> Dataset entries:
================================
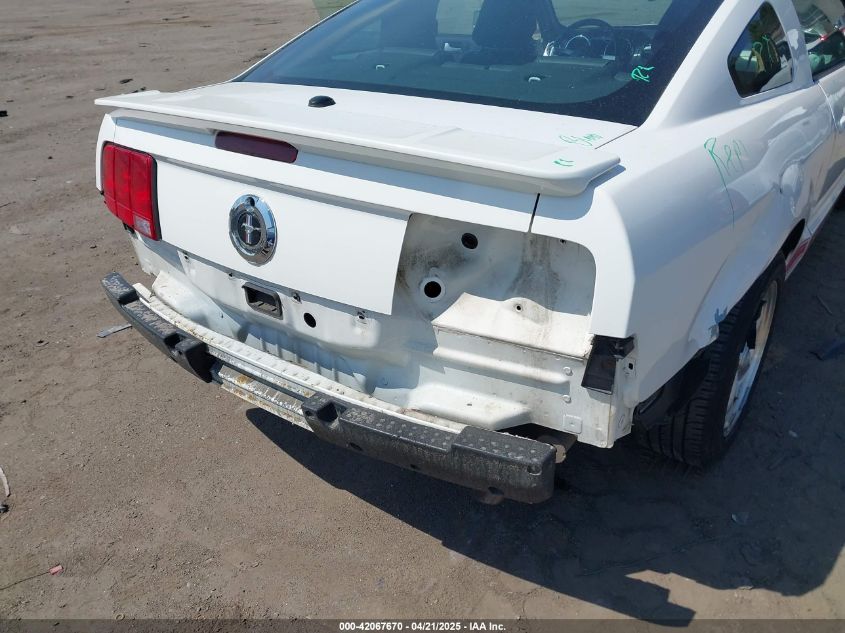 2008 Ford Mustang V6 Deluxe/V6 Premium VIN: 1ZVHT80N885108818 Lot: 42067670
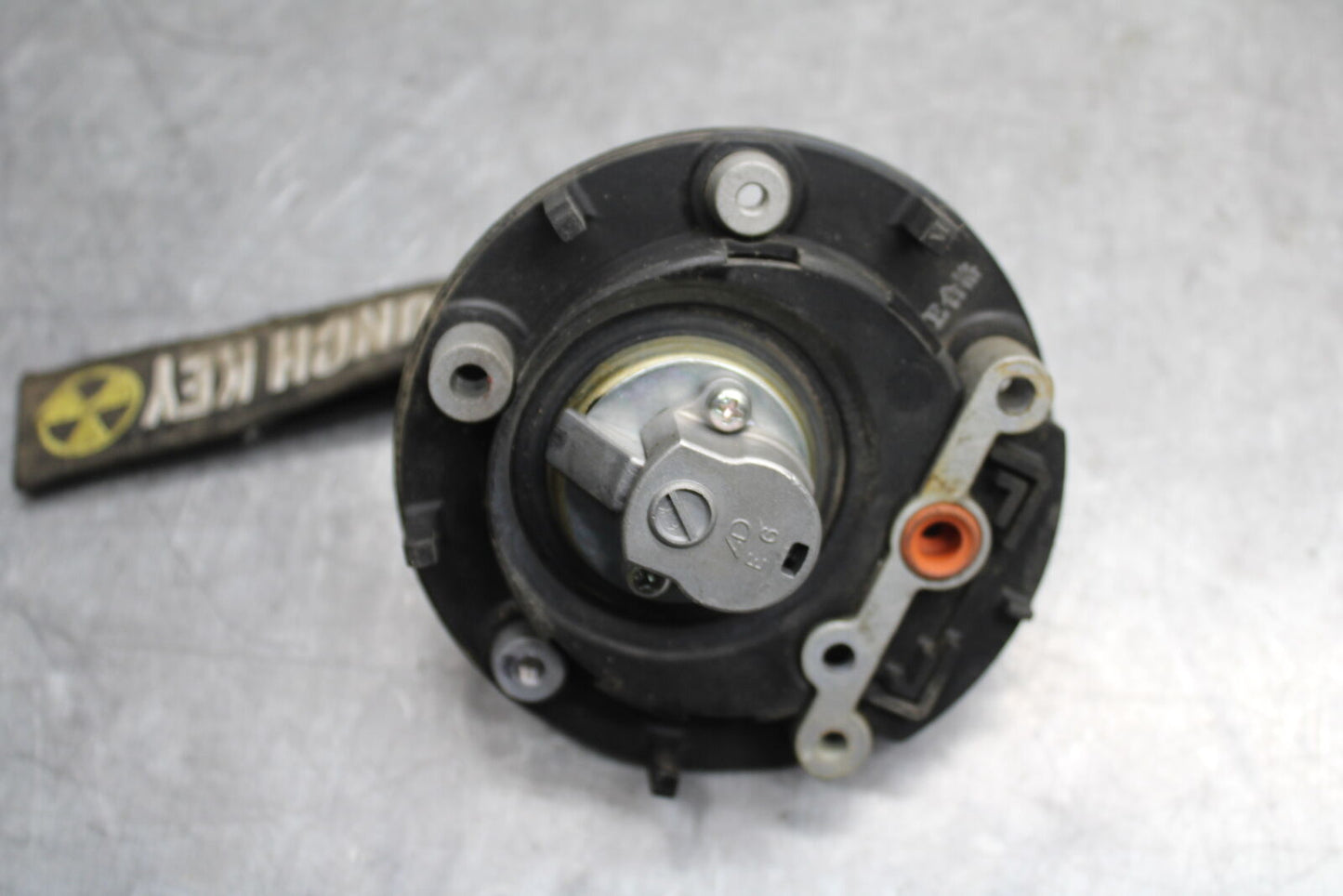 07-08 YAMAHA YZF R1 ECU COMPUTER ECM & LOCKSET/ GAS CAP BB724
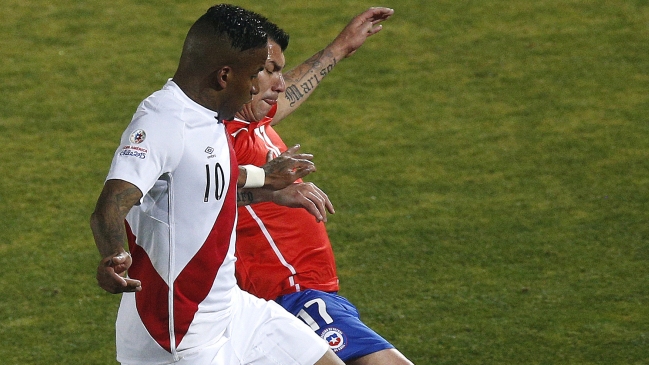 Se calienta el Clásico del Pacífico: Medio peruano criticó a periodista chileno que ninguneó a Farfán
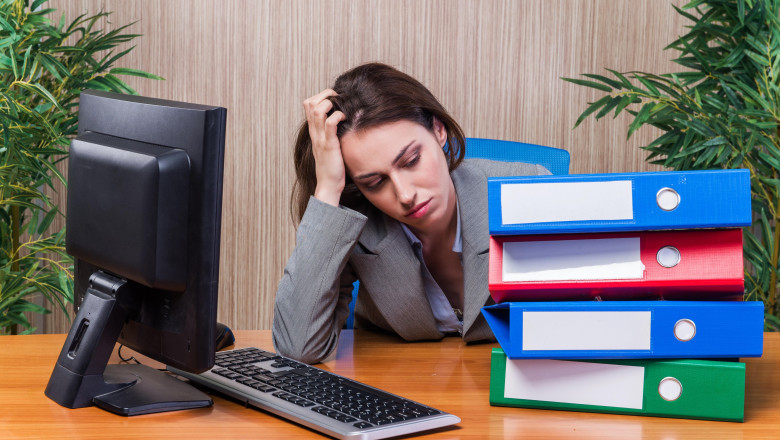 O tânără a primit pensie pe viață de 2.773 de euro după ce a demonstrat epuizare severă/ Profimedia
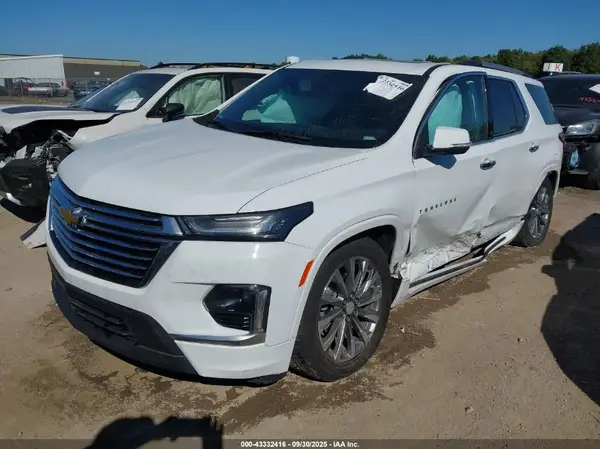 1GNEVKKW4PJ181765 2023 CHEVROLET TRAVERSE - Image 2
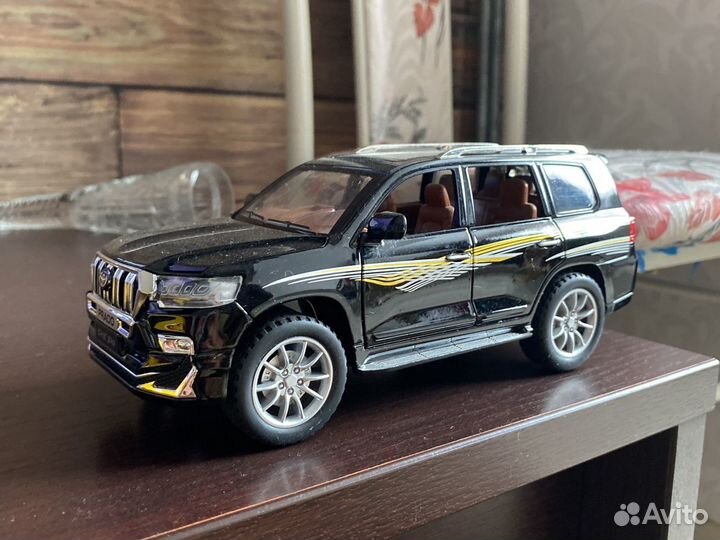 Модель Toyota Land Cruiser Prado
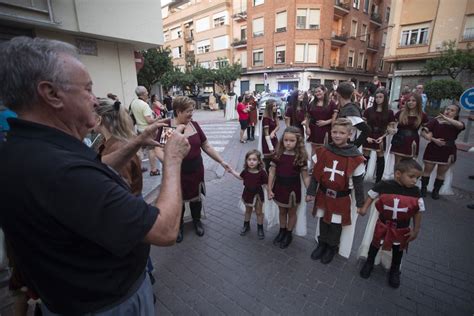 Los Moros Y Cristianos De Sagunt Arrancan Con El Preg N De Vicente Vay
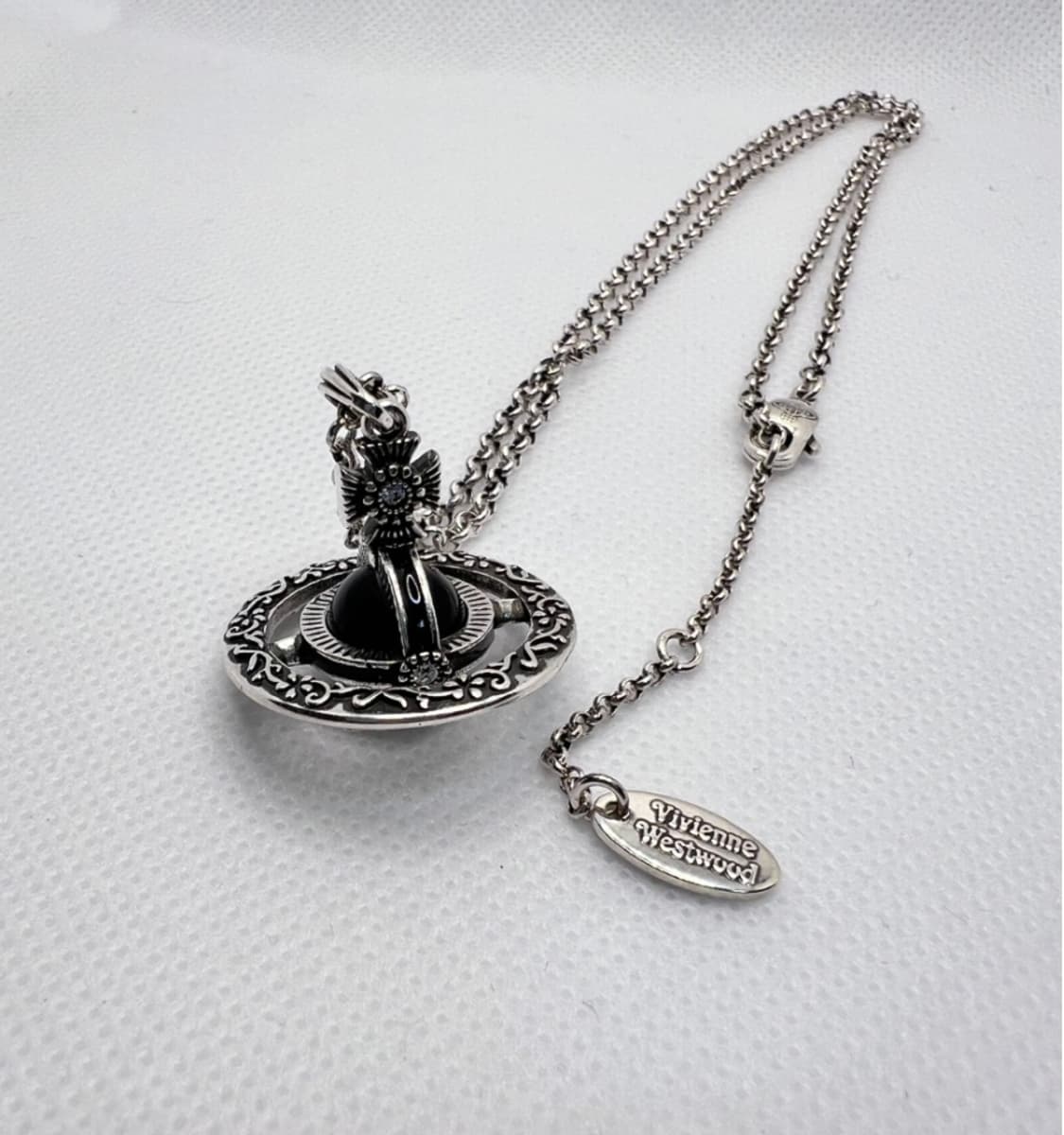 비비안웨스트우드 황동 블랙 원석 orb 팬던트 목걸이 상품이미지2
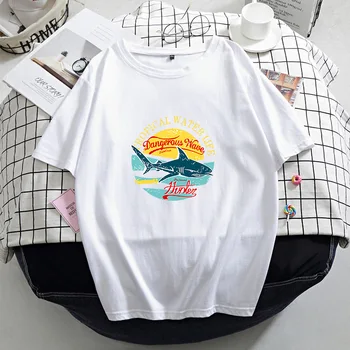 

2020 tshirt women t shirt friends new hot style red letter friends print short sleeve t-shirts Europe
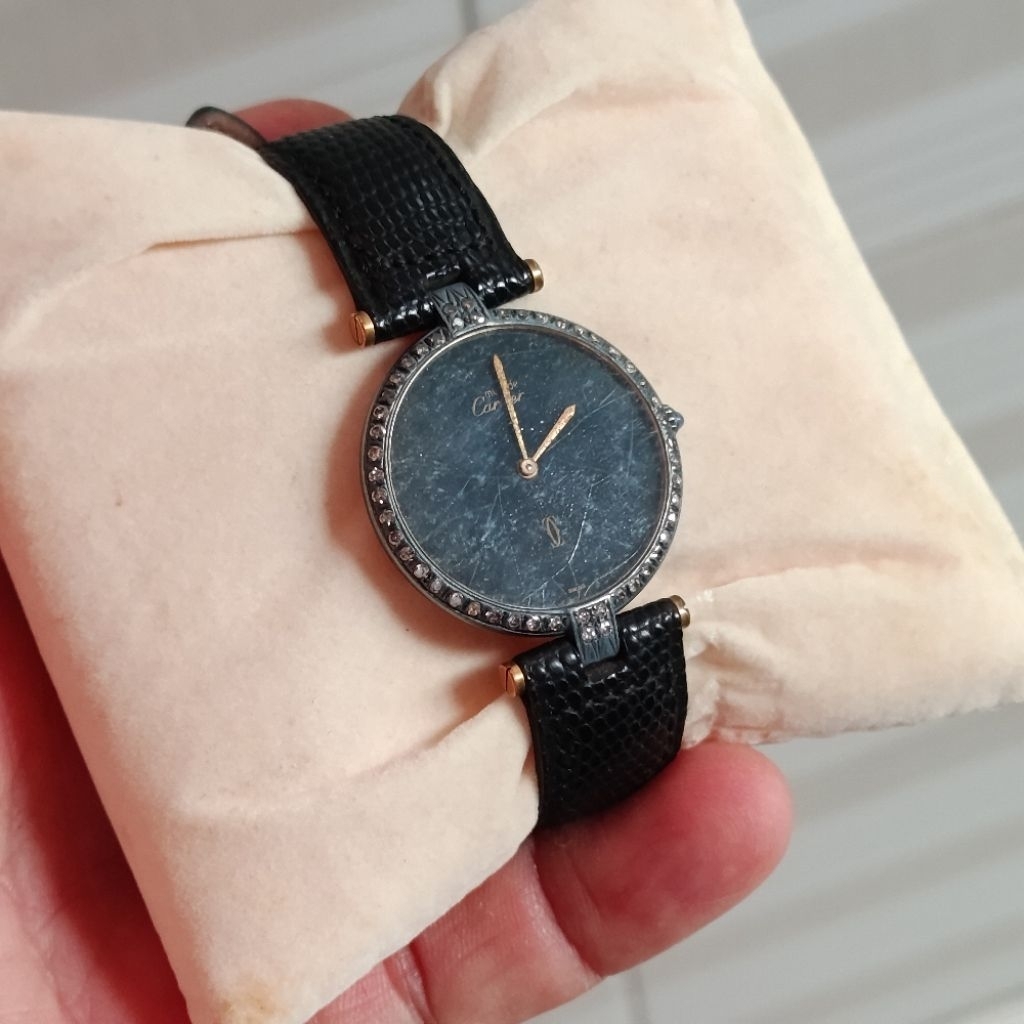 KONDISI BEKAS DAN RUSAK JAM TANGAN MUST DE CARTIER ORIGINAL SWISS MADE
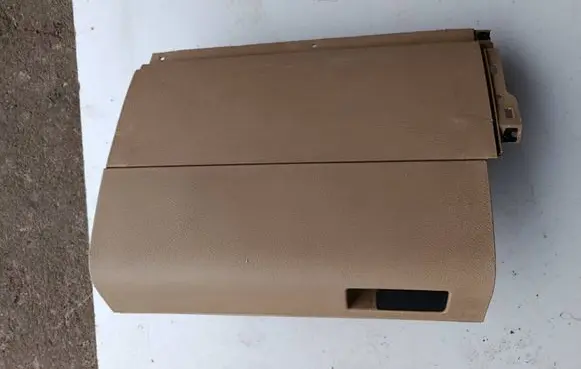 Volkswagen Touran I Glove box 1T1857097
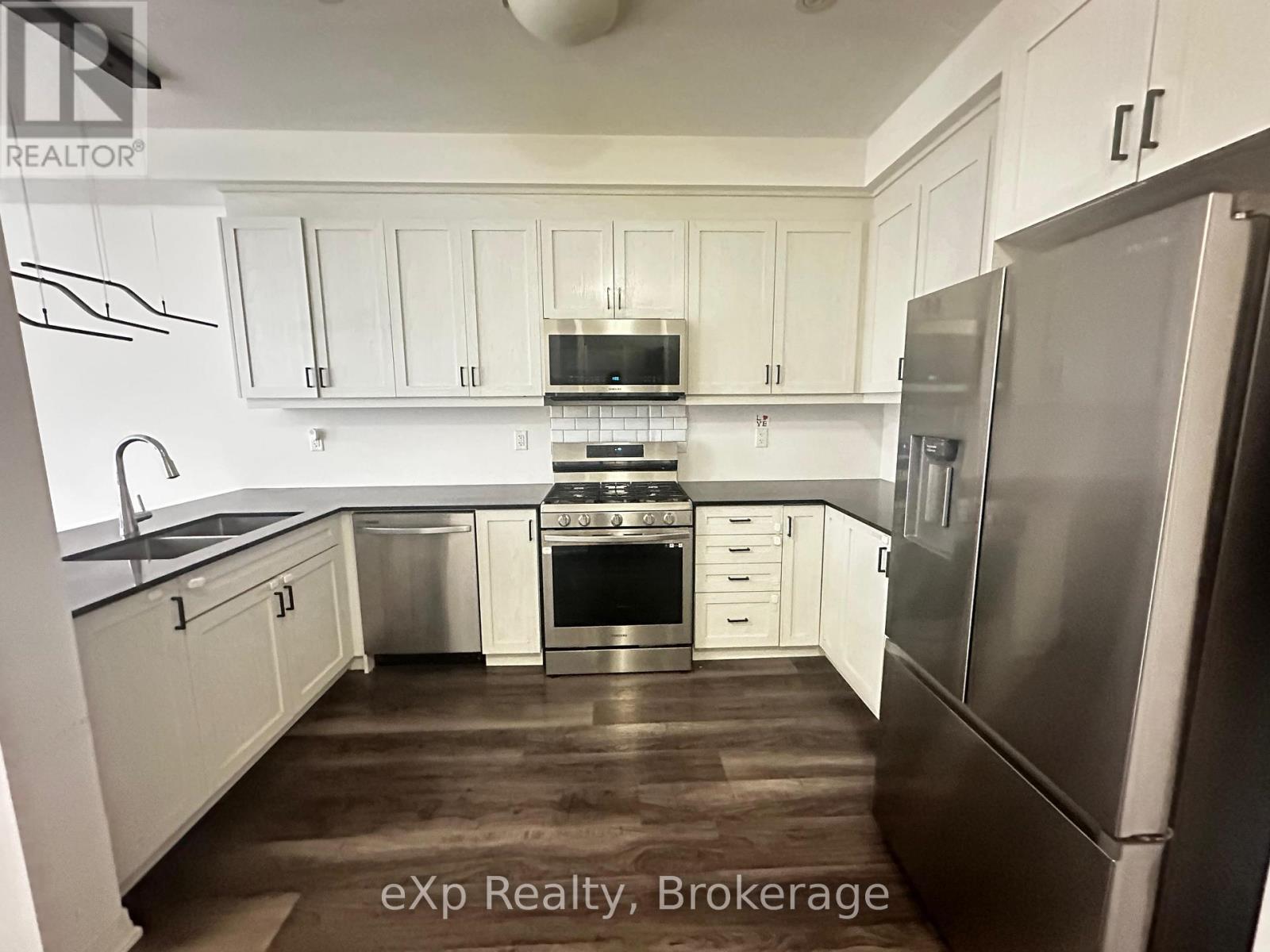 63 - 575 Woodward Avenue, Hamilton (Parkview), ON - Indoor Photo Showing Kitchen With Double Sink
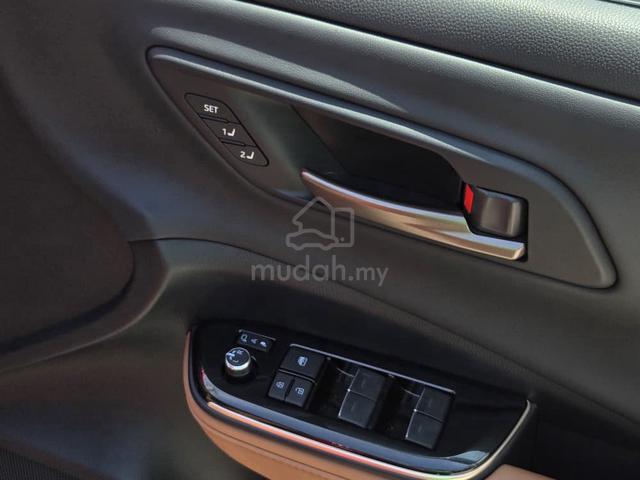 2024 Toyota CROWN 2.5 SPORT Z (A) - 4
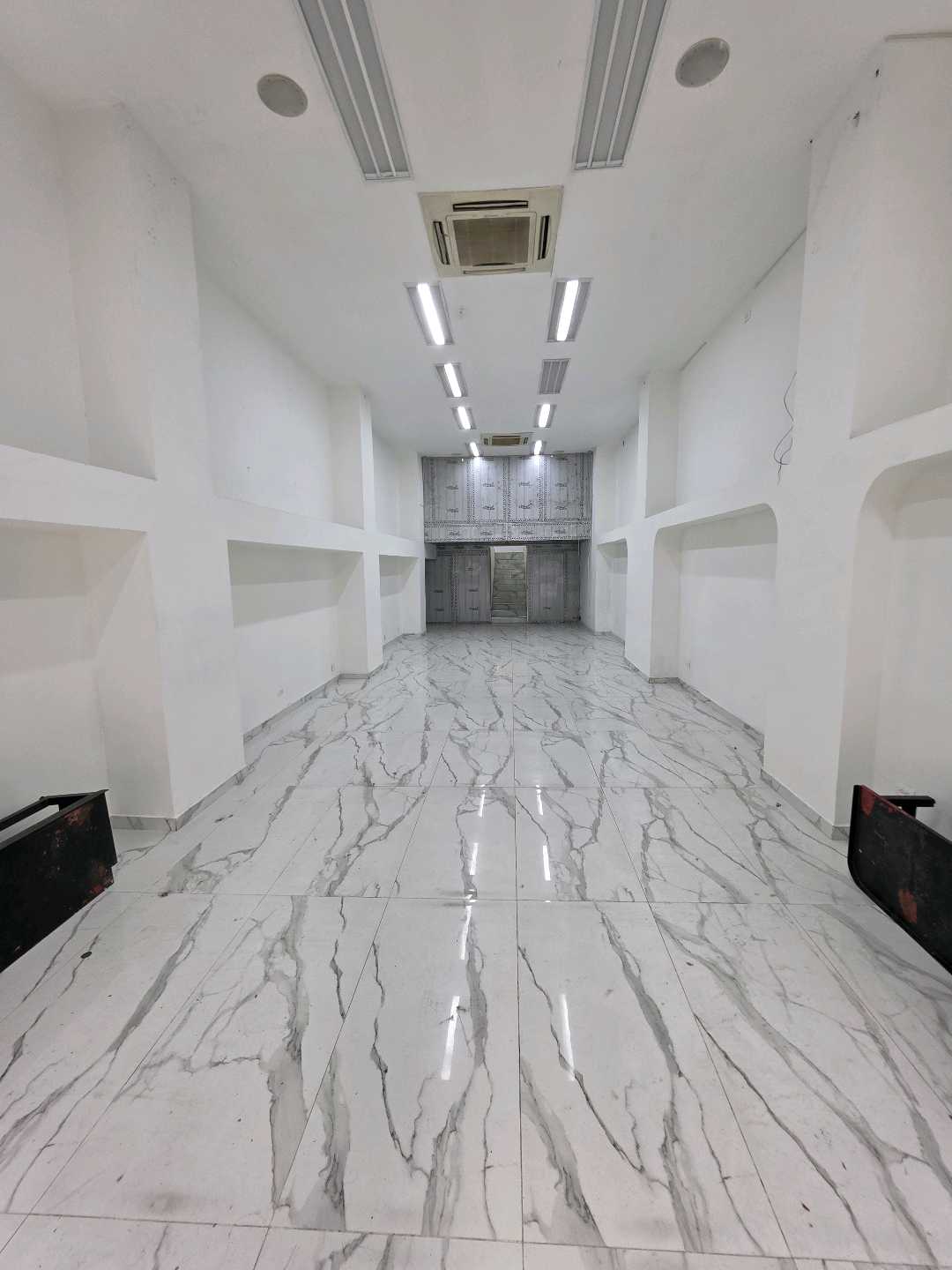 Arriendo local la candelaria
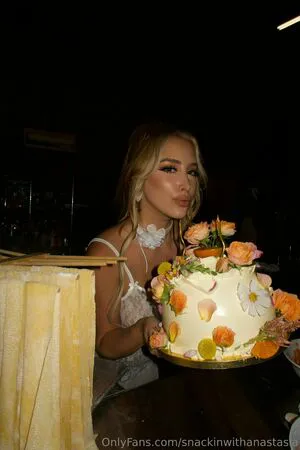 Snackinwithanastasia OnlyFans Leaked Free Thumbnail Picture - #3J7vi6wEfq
================================
> Work to be completed:
Everything from the line with "비비안웨스트우드 황동 블랙 원석 orb 팬던트 목걸이 상품이미지2" through the final line of the records above should be written out exactly, minus the pictures.

> Task response:
 비비안웨스트우드 황동 블랙 원석 orb 팬던트 목걸이 상품이미지2

2020 tshirt women t shirt friends new hot style red letter friends print short sleeve t-shirts Europe
 KONDISI BEKAS DAN RUSAK JAM TANGAN MUST DE CARTIER ORIGINAL SWISS MADE
 Volkswagen Touran I Glove box 1T1857097
 63 - 575 Woodward Avenue, Hamilton (Parkview), ON - Indoor Photo Showing Kitchen With Double Sink
 2024 Toyota CROWN 2.5 SPORT Z (A) - 4
 Arriendo local la candelaria
 Snackinwithanastasia OnlyFans Leaked Free Thumbnail Picture - #3J7vi6wEfq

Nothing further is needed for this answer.